**Action item**. Please say how many lines in the records below contain the word "Baby". Give the number and nothing more.

***** Record extracts *****

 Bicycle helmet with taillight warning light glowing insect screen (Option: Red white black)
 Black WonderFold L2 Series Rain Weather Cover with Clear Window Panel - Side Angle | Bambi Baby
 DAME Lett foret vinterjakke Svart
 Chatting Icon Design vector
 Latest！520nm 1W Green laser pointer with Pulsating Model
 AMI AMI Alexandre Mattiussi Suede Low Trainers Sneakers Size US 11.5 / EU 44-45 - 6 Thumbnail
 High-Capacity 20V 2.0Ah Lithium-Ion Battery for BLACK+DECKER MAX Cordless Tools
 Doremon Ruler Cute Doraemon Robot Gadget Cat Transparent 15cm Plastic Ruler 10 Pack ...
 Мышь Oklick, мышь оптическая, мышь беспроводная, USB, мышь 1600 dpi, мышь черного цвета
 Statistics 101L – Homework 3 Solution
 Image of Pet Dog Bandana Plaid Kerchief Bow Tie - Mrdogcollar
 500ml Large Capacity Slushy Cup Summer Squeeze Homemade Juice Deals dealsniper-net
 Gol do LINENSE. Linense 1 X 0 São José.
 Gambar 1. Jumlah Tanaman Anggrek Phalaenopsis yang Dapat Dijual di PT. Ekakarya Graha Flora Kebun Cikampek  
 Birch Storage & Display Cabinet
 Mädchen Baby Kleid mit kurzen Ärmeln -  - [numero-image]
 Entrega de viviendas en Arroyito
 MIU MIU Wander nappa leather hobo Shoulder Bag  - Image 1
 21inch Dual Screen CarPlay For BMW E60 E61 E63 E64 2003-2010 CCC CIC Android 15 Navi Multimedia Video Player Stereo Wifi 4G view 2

*****

**Your solution**. 2